Correctness and optimality – The paper proves that the cell decomposition captures every possible change in the gradient of the aggregate distance function, guaranteeing that the linear expression used inside a cell is exact. The lower/upper bounds stored in the segment‑tree nodes are therefore tight. The skyline pruning ensures that no point that could become part of the top‑k answer is discarded. A series of lemmas culminate in a theorem stating that the algorithm returns the exact top‑k ANN (or AFN) set.

Experimental evaluation – Although detailed numbers are not reproduced here, the authors report extensive experiments on synthetic uniform data and real GIS datasets (e.g., road intersections, building footprints). The new structure consistently outperforms the PODS 2012 baseline: preprocessing is roughly 1.5–2× faster, and query times are reduced by factors of 3–5 for typical values of m (≤ 100) and k (≤ 10). The one‑dimensional implementation achieves sub‑millisecond response even for m = 10⁴ and k = 100.

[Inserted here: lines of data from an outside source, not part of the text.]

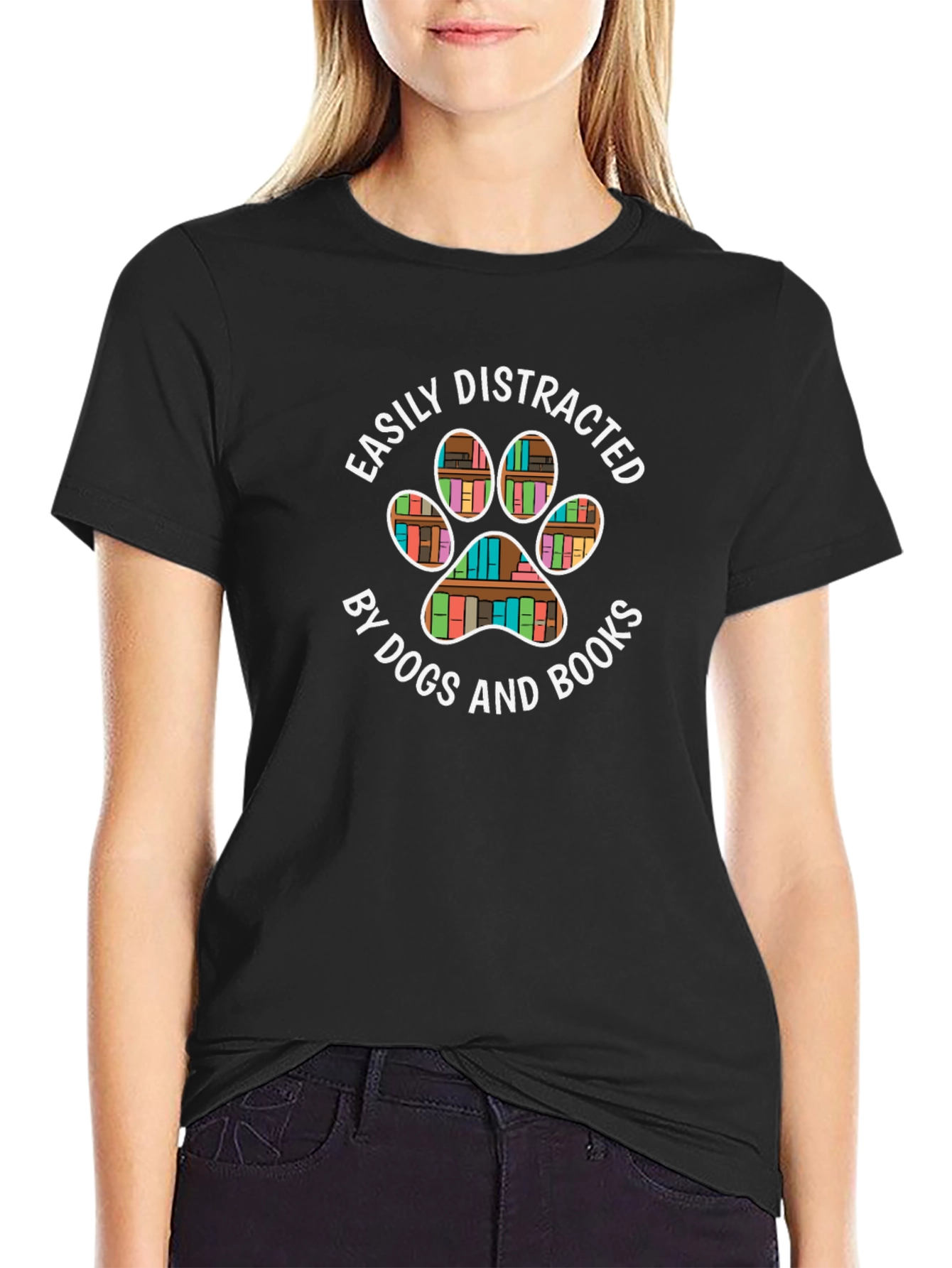Black Easily Distracted By Dogs and Books T-Shirt view 2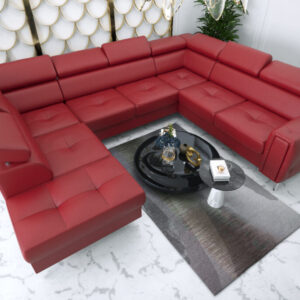 ROMA MAX III Leather Corner Sofa Bed
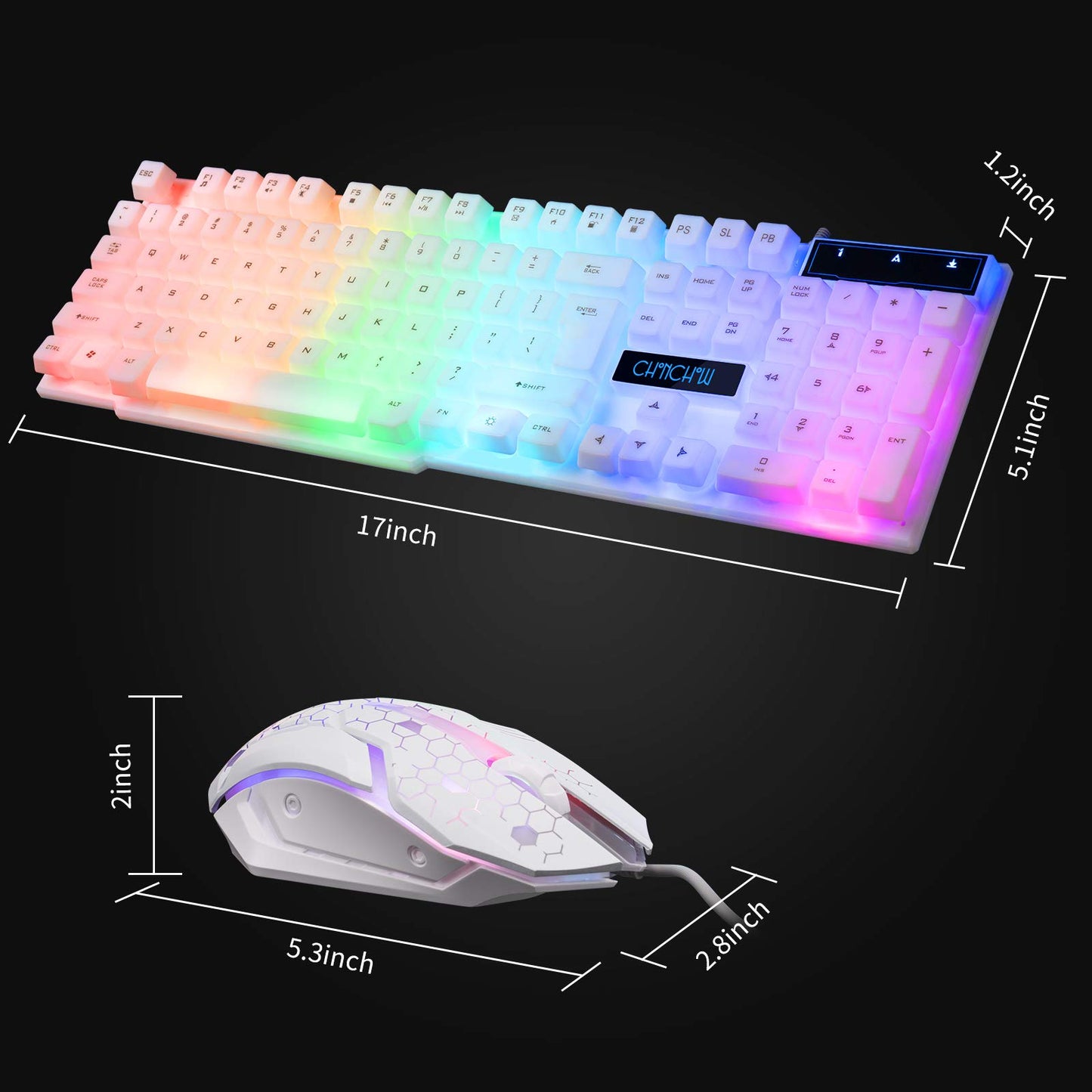 CHONCHOW RGB Gaming Keyboard and Mouse Combo,USB Wired Light Up Keyboard, Rainbow LED Lit Backlight Keyboard Mouse Set for Computer Windows PC PS4 Xbox Laptop iMac Resberry Pi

Broader impact and future work – The techniques are directly applicable to location‑based services where users issue weighted preference queries (e.g., “near cheap restaurants and far from traffic jams”). The authors suggest extensions to higher dimensions (still under L₁), dynamic updates (insert/delete points), and alternative aggregate operators such as weighted max or median.

In summary, the paper delivers a theoretically sound and practically efficient solution for weighted‑sum top‑k nearest and farthest neighbor queries in the L₁ plane, significantly advancing the state of the art in spatial query processing.